Les vengo a contar que yo en Nicaragua me siento constantemente como cuando caminas por la calle, pasas al lado de un juego de fútbol improvisado por unos niños y se les va la pelota afuera del campo. De repente esa pelota rueda hacia ti, que estás caminando a paso medio entorpecido porque no sabes si pararte o seguir y que la coja otro.
Los niños, que estaban a lo suyo, de pronto te miran todos a ti, señora extraña –señora adulta responsable aunque no hayas llegado ni a los 25–, esperando expectantes a que se la pases. Y creo que miente todo aquel que diga que no es inevitable sentirse un poco nervioso en esos segundos de protagonismo en un contexto ajeno al suyo. Hay emoción, pero también está el miedo de pasarla y mandarla aún más lejos de donde ya se les había escapado a ellos.

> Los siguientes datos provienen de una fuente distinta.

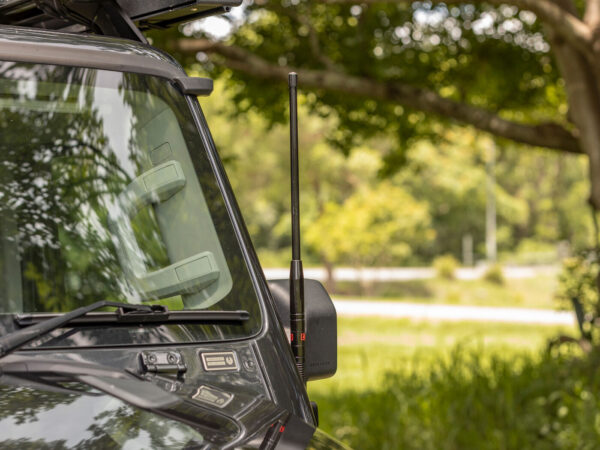 Side Mirror Antenna Mount to suit Ineos Grenadier 1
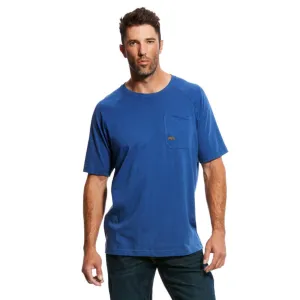 ARIAT MEN'S REBAR COTTON STRONG T-SHIRT - 10025377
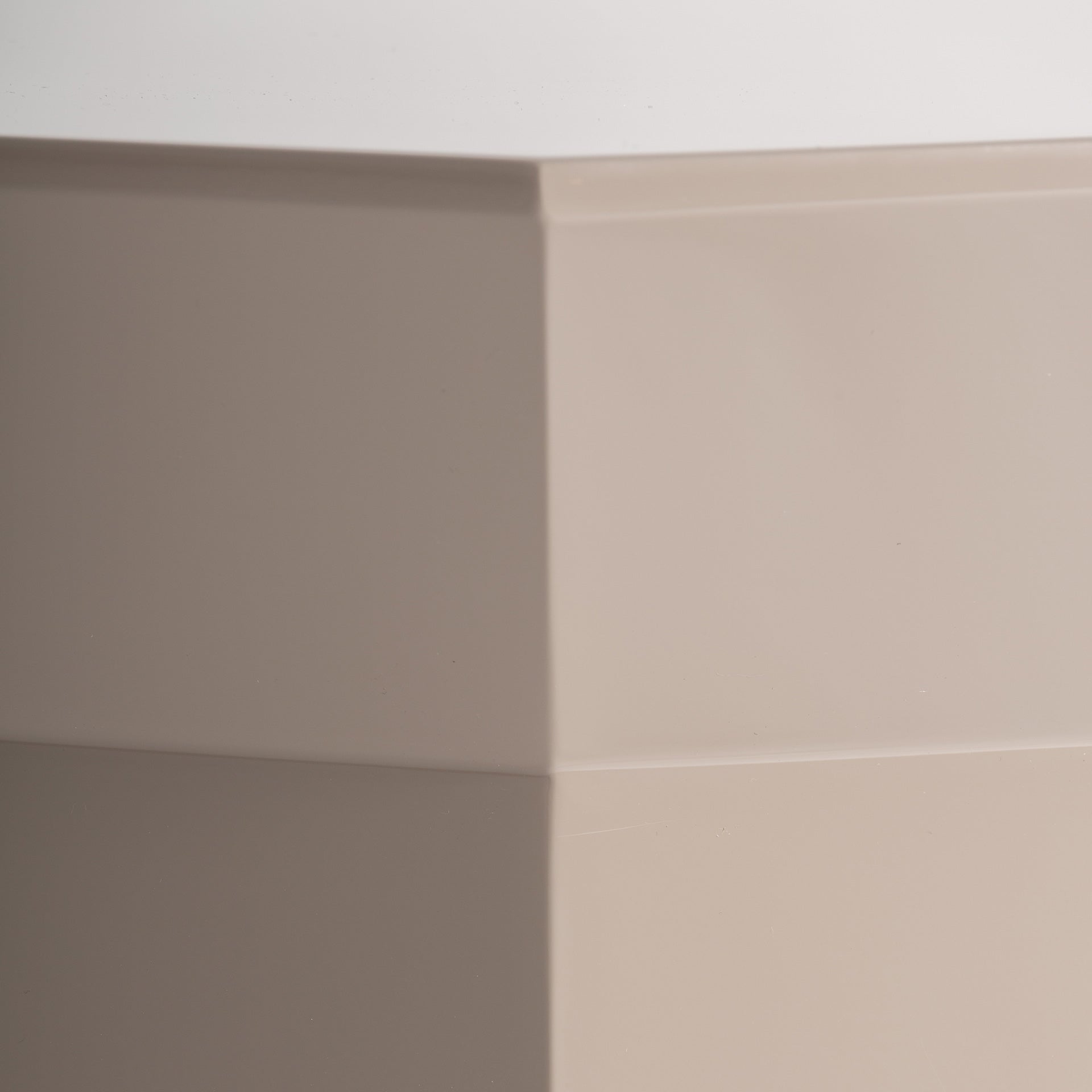 Beistelltisch LAIVES cremefarben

Como veis, mezclo el hablar de usted sin que me suene solemne, con el hablar de tú y que me suene raro. Algo del tiempo que llevo aquí tendrá que ver en todo esto. Pero sigamos.
El tema es que llegué a Managua a mitad de julio con la emoción de quien sabe que le toca pasar esa pelota. Lo de que no pensásemos que íbamos a cambiar el mundo nos lo grabaron en la mente el mismo día de la formación en Madrid, pero esa ilusión que nos había traído hasta aquí –igual un poco excesiva– movía algo muy bonito, empezando por unas ganas de darlo todo desde el minuto uno.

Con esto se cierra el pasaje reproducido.